Il termine inglese è “working poors”, certamente meno desolante della traduzione italiana in  poveri con un lavoro, che non lascia spazio ai fraintendimenti; questa è una nuova categorizzazione che torna con sempre più insistenza nelle statistiche sul lavoro.

Secondo un’indagine Censis-Confcoperative in Italia ce ne sono circa 3 milioni (dati del 2016) e sono un gruppo eterogeneo, composto da giovani che pur di inserirsi nel mercato del lavoro accettano qualunque retribuzione in ingresso, ma anche da lavoratori licenziati che per reinserirsi si adattano a contratti più che precari o a part-time subiti per necessità.

La ricerca del Censis sottolinea pure che negli ultimi anni la maggior parte delle assunzioni si è caratterizzata per i livelli bassi e per una accettazione passiva di condizioni di lavoro svantaggiose che, creando una sorta di gabbia attorno al lavoratore, lo intrappolano, per necessità, tra precarietà e discontinuità.

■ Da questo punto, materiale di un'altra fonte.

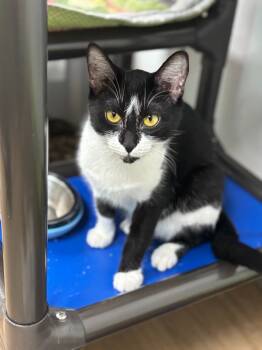 Rescue Domestic Short Hair Cats for Adoption in Corpus Christi, Texas - Sabine | PetCurious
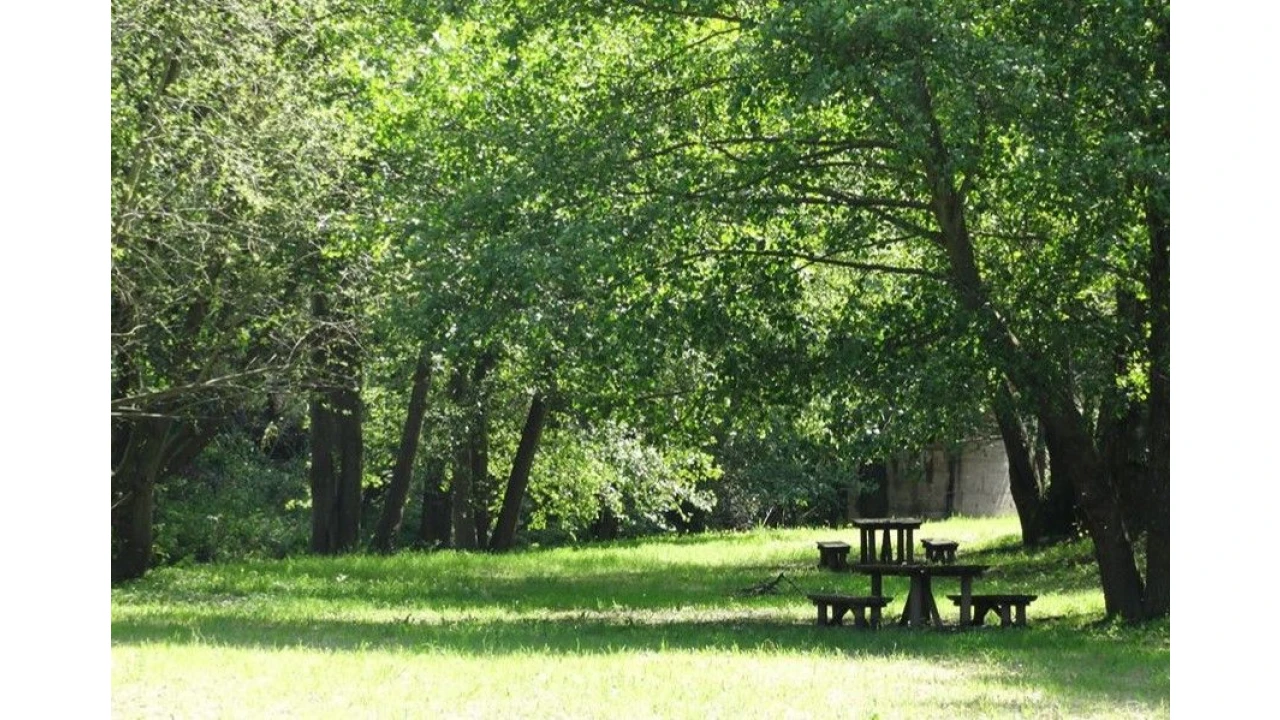 Moradia T3 para Venda em Resende Foto 38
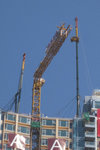 2008120215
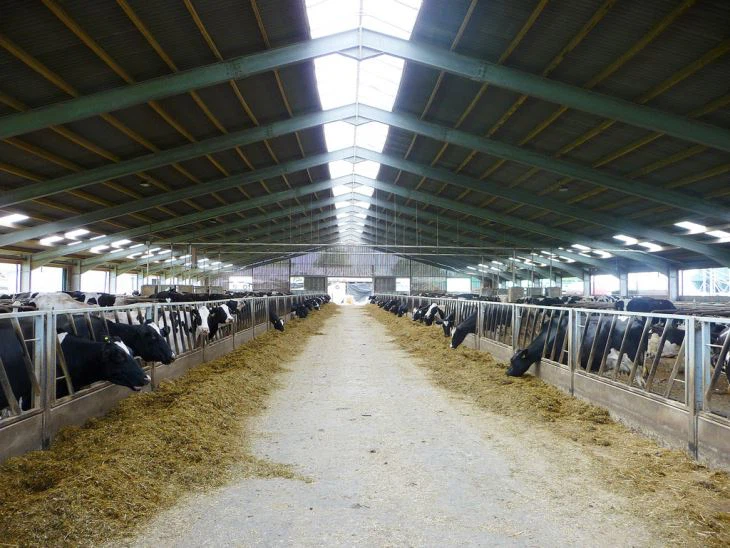Steel Structure Cowshed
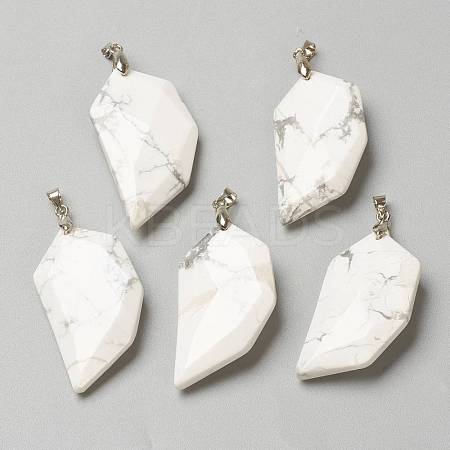 Natural Howlite Pendants G-P445-D05-1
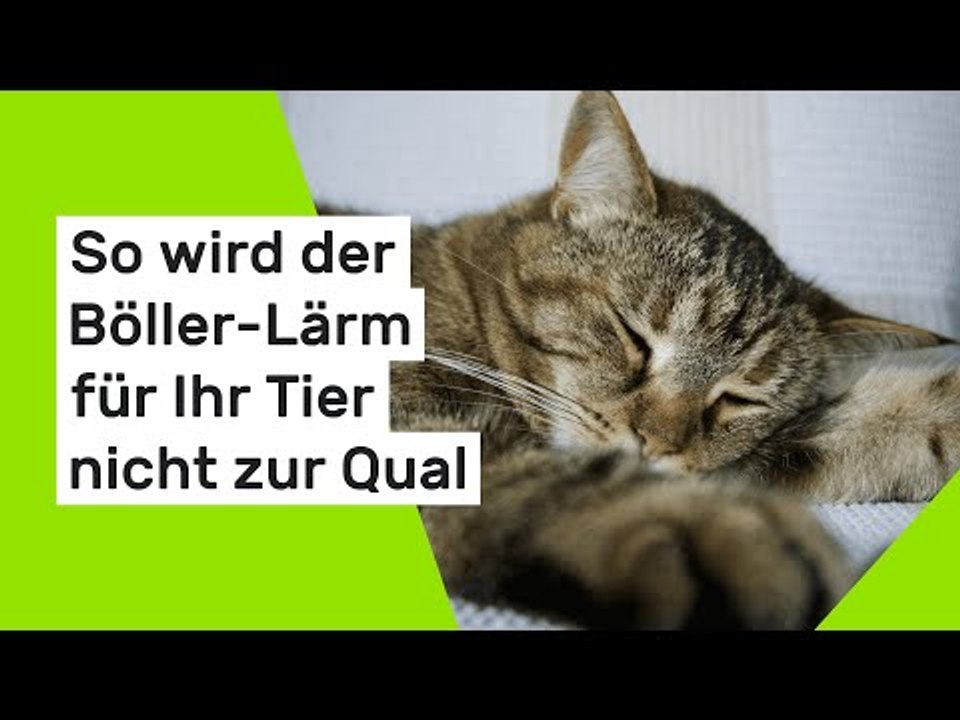 Silvester mit Haustieren: So wird der Böller-Lärm für Ihr Tier nicht zur Qual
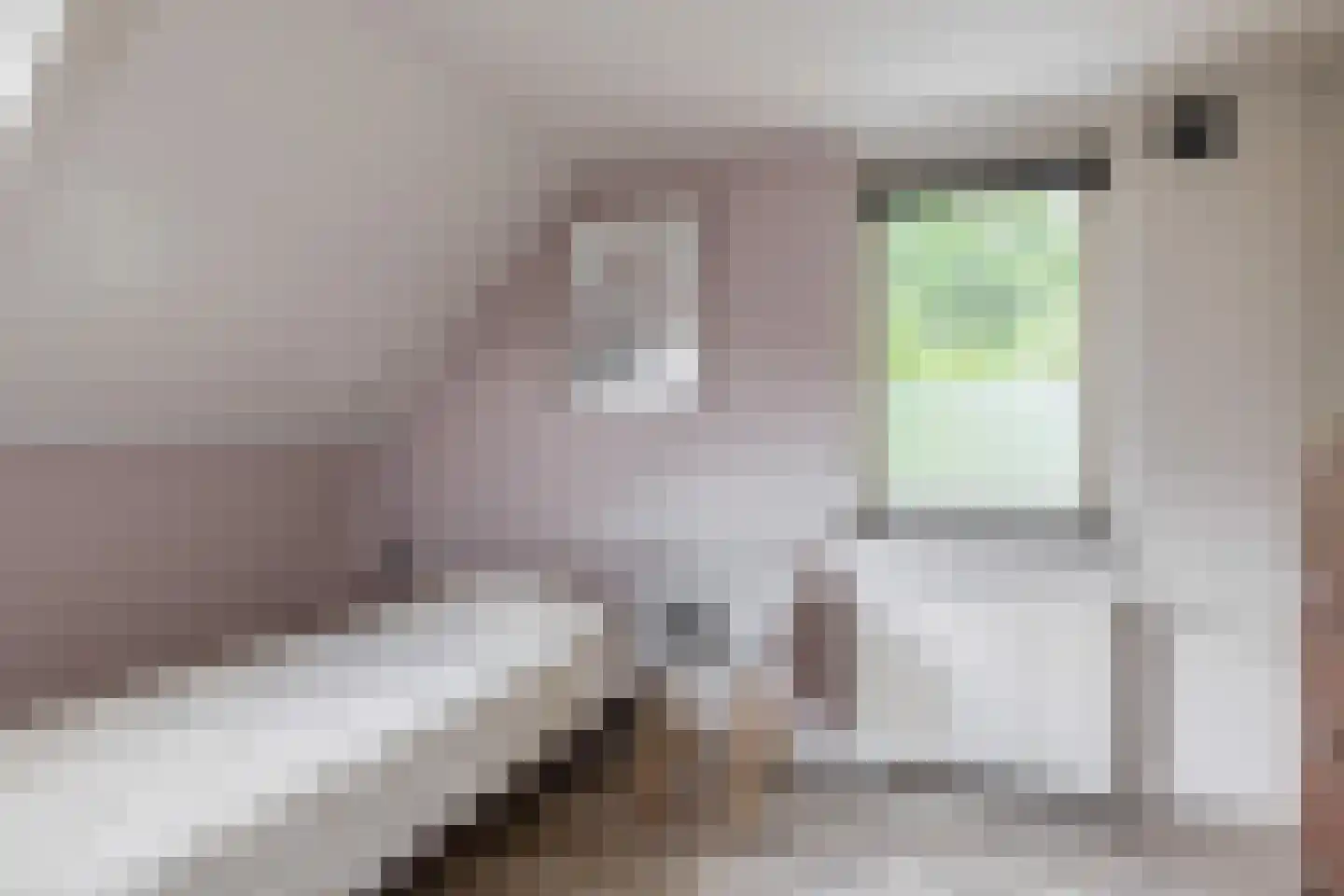 Veldstraat 12 Merselo thumbnail 61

Accettare un lavoro ad ogni costo, come ha dichiarato sull’argomento il Presidente di Confcoperative Maurizio Gardini, è stato uno degli effetti più perversi della crisi.

Tuttavia, il fenomeno dei “working poors” non è appannaggio esclusivo dell’Italia, problemi di tal tipo ci sono anche in Grecia, Portogallo, ma anche in Francia ed in Spagna; tuttavia in una graduatoria che considera la fascia più fragile di lavoratori a rischio povertà, quella che va dai 20 ai 29 anni, l’Italia mostra un tasso del 12%, non di tantissimo superiore alla media europea che è del 10%. Quello che della ricerca Censis-Confcoperative colpisce, nel nostro Paese, è la distribuzione regionale di questi poveri con un lavoro: la bassa intensità lavorativa è quasi del 30% in Campania, mentre il Trentino Alto Adige si riduce ad un drastico 6%. Gli operai sono la categoria più esposta, ma è presente anche una piccola quota di dirigenti, quadri ed impiegati, in condizioni di povertà assoluta; lavoratori che dovrebbero essere privilegiati, con uno stipendio che può variare dai 2mila ai 3mila euro nel caso di un impiegato, e che si riducono in povertà magari a causa di una separazione, o di un mutuo.

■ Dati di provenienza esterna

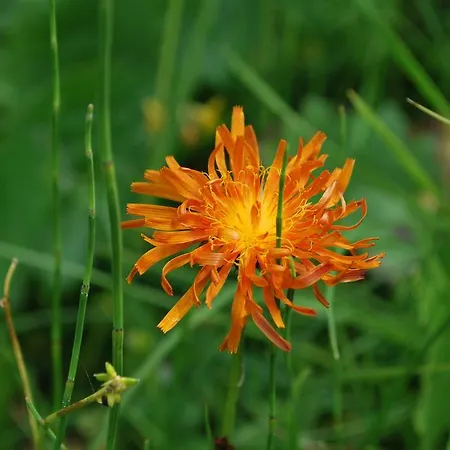 Geranium Gift-particulair
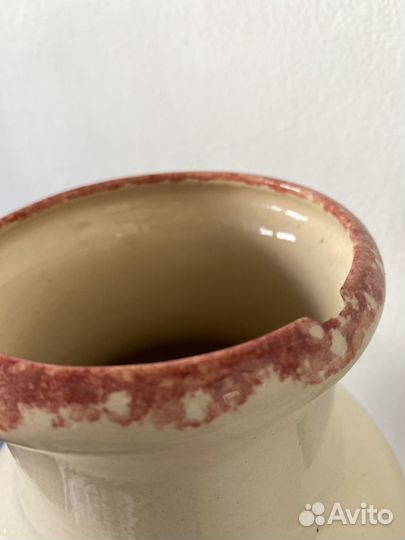 Папоротник асплениум гнездовой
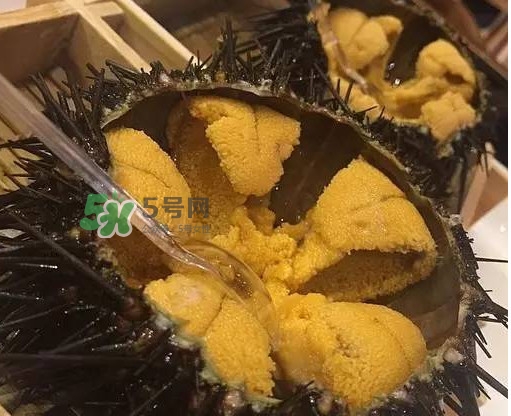 海膽貴嗎？海膽多少錢一斤？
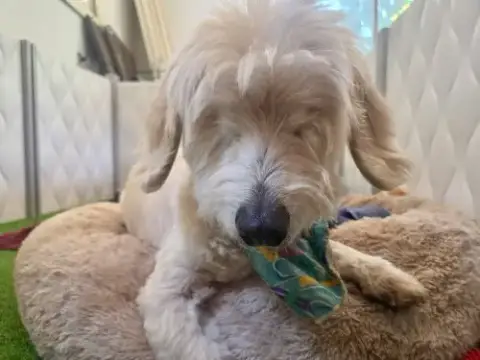 Tucker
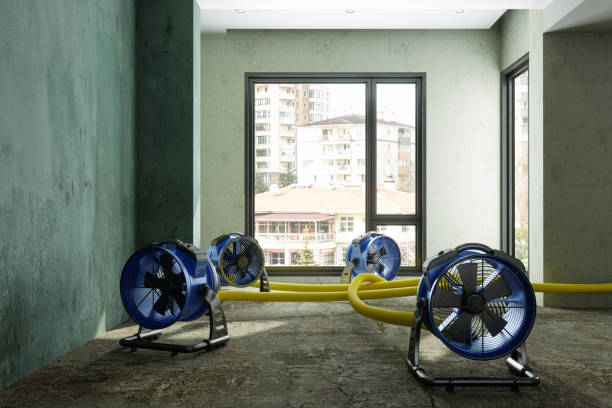 Best Water damage restoration services  in Bloomingdale, TN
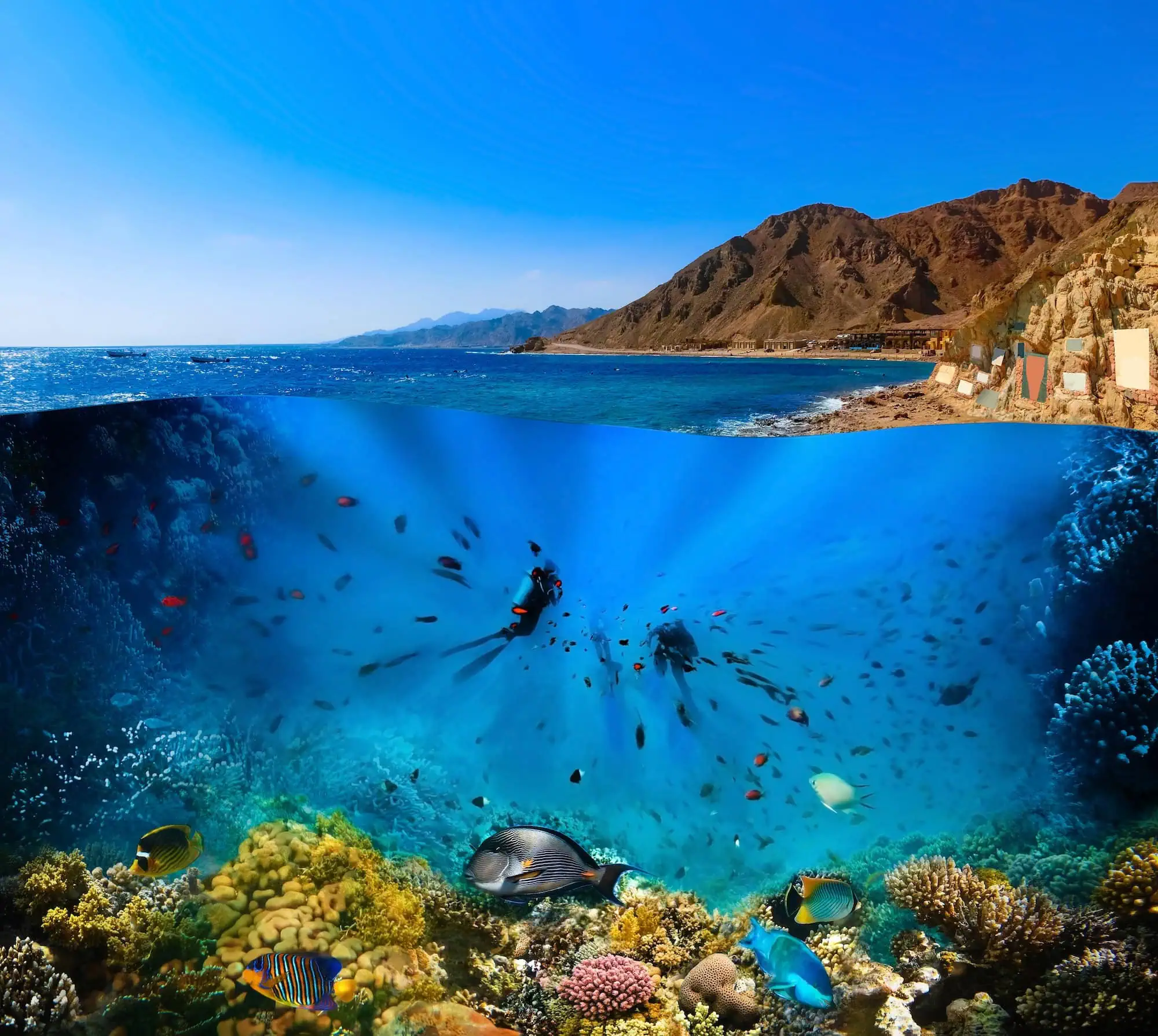 Diver exploring vibrant coral reef in Red Sea with tropical fish and desert coastline visible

Basta osservare la folla eterogenea che frequenta le mense pubbliche per avere un’idea delle ragioni dietro alla ricerca Censis-Confcoperative: essere poveri perché non si guadagna abbastanza nonostante il lavoro si traduce in una riduzione progressiva del reddito e con esso della capacità di risparmio, nonché del potere d’acquisto.